グッと涙をこらえて手を合わせ終えると、八雲のお父さんが優しく話しかけてくれた。
 私も天音も八雲のお父さんに向き直って、耳を傾ける。
「飛び降りようとした詳細は、まだ分からないけれど……心まで解決できることを願うばかりだよ」
 その言葉に、私はただ頷くことしかできない。
 あの女の子を救ってよかったのかどうかも……分からない。私の自己満足に過ぎないから。

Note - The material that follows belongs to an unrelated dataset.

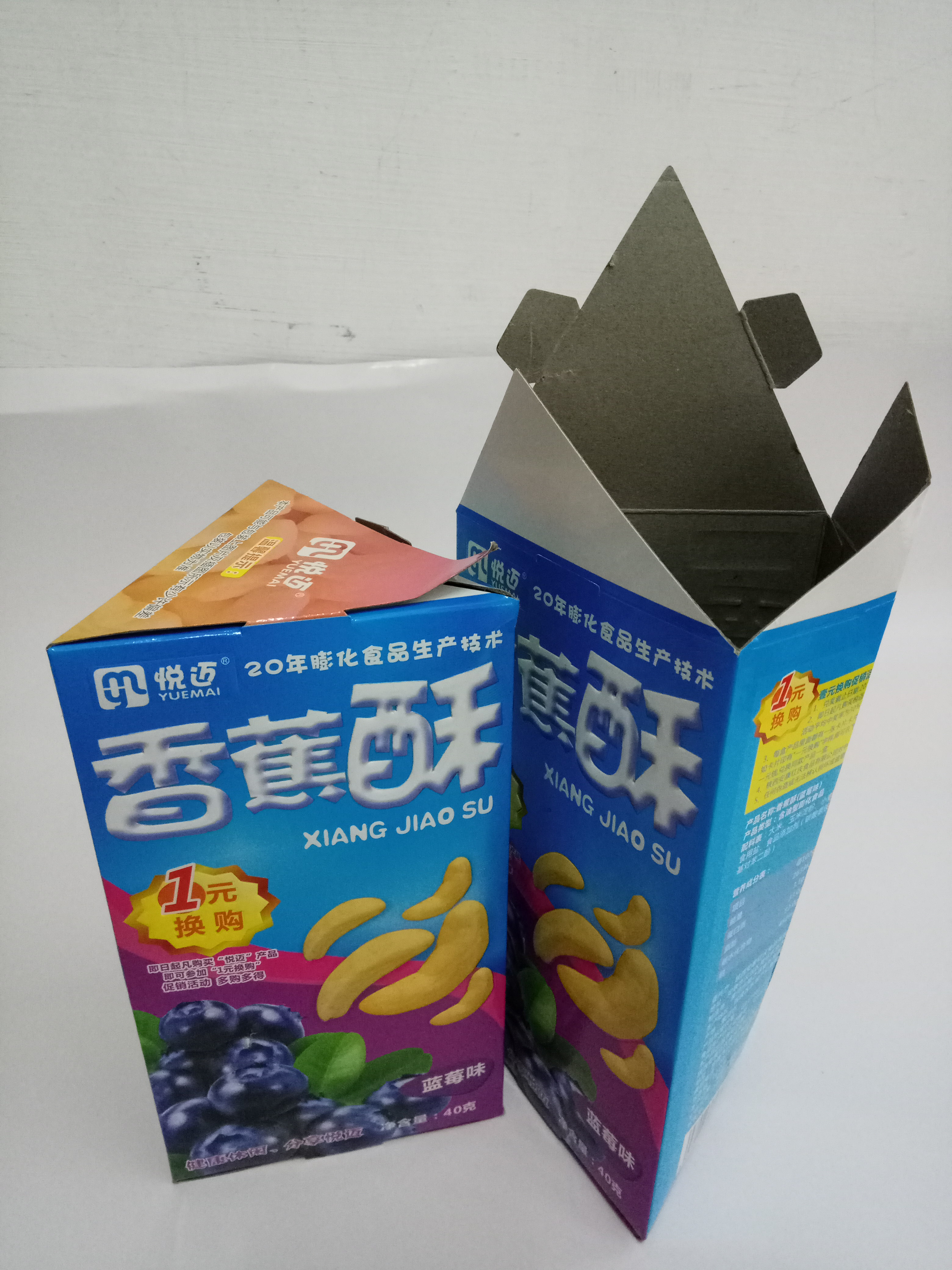 香蕉酥盒/香蕉片盒 供應(yīng)香蕉酥盒炸雞盒漢堡盒/薯?xiàng)l盒
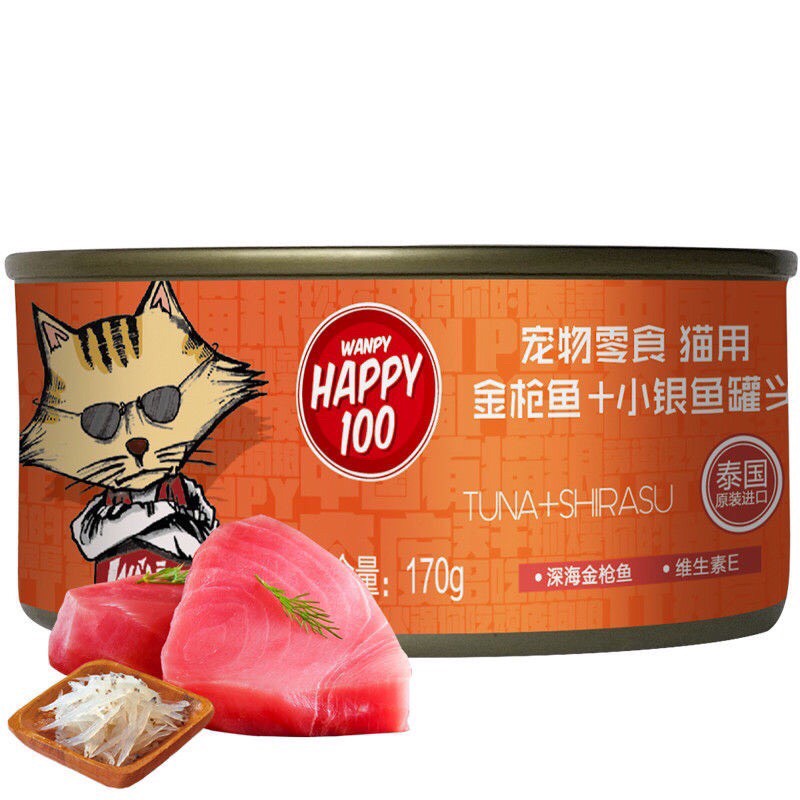 Pate Wanpy happy 100 lon 95g, vị thịt Bò, Cá, Gà cho mèo con mèo lớn mèo mọi lứa tuổi mèo kén ăn- Thaivucattery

「白石さん。君が一緒に女の子を助けようとしてくれたんだってね」
「わ、私を助けようとして、赤沢くんが……」
 そこまで言いかけて、私は言葉を飲み込んだ。
 ここで謝ったって、八雲のお父さんを困らせるだけだ。
 でも、私の代わりに八雲が命を失ったことは事実で。
 頭の中が真っ白になって、私はそのまま硬直した。
 粋が心配そうにこっちを見ているのが分かるけれど、何も言葉が出てこない。
「君の話は八雲からよく聞いていたよ」
「え……」
 言いづらそうにしている私に気を遣ったのか、八雲のお父さんは突然話題を変えた。
 私はようやく顔を上げて、膝に爪を立てるのを止めた。
「あの子は昔から、感情の起伏があまりなくてね、何があっても落ち着いてて、心配になるほどだった……」
 ……そうか。八雲のお父さんは、八雲の能力のことを知らないんだ。
 何度も生まれ変わっている八雲が幼い頃から落ち着いてしまっているのも、無理はない。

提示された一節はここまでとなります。